What needs to be done
Copy nothing but the lines running from the one containing "You can do it" through the end of the listing below. Drop the pictures.
___ Data to process ___
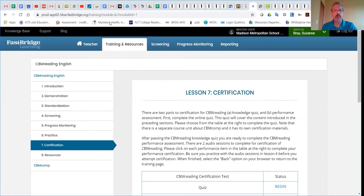That's how you find the training for the professional learning modules. If you have any questions, please contact us at FastMadison.K12.wi.us. Thank you.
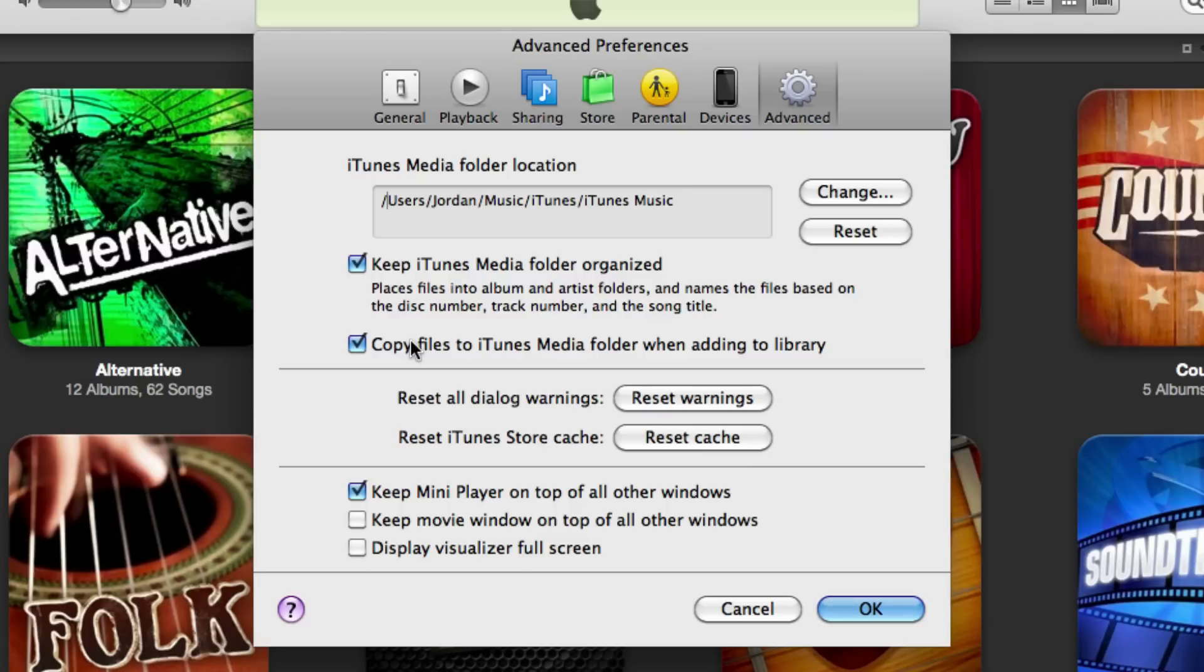When you copy the iTunes media folder to your new computer, it actually won't be copied if you don't have this checked. So you want to make sure that you check this so from here on out, any songs that you add to iTunes will always be added to the iTunes media folder.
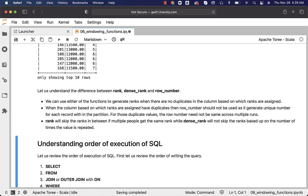To reiterate: RANK will skip ranks in between if multiple people share the same rank, while DENSE_RANK will not skip ranks — you simply get the next consecutive number assigned regardless of how many records share a rank value.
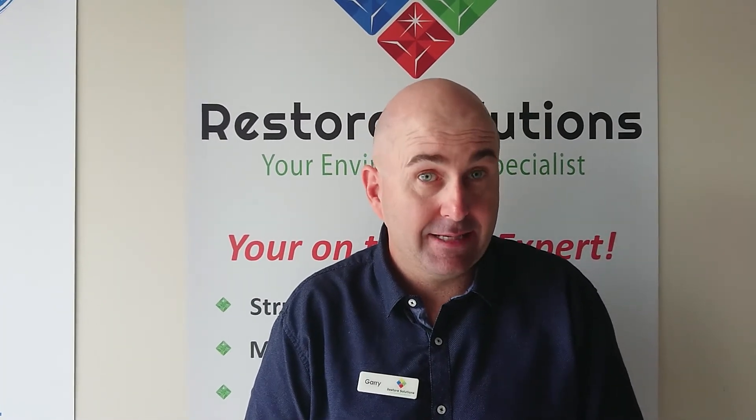Hi guys, Gary here from Restore Solutions. Today I'm going to talk to you about some of our moisture meters. We're going to talk about the Trotec range of moisture meters, and today we're going to talk about the T660.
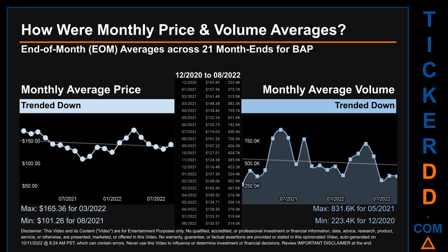Hello, my name is Claire. How were price and volume averages for BAP? Across 448 trading days, there were a total of 21 month-ends, of which monthly averages for daily price and volume were calculated. Overall, monthly price average trended down while monthly volume average trended down. The maximum end-of-month average price was $165.36 for March 2022, while the minimum was $101.26 for August 2021. Looking at volume, May 2021 and December 2020 respectively saw the highest and lowest monthly average volume at 831,600 and 223,400.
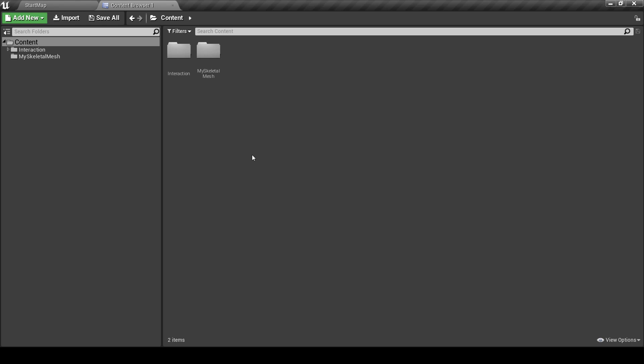You can do it only if your Skeletal Mesh is compatible with Unreal Engine Mannequin Skeletal.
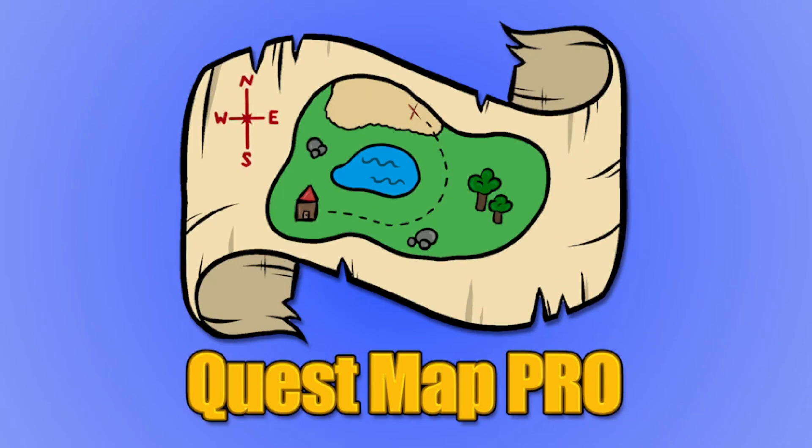This video has only really shown off some of the main features of Quest Map Pro. There is still a fast travel system, example HUD, and much, much more there. If you have any questions, I would recommend checking the documentation first. Otherwise, feel free to reach out to me via Discord, email, or the normal channels on the marketplace. Thank you very much for watching.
___
The completed task
You can do it only if your Skeletal Mesh is compatible with Unreal Engine Mannequin Skeletal.
This video has only really shown off some of the main features of Quest Map Pro. There is still a fast travel system, example HUD, and much, much more there. If you have any questions, I would recommend checking the documentation first. Otherwise, feel free to reach out to me via Discord, email, or the normal channels on the marketplace. Thank you very much for watching.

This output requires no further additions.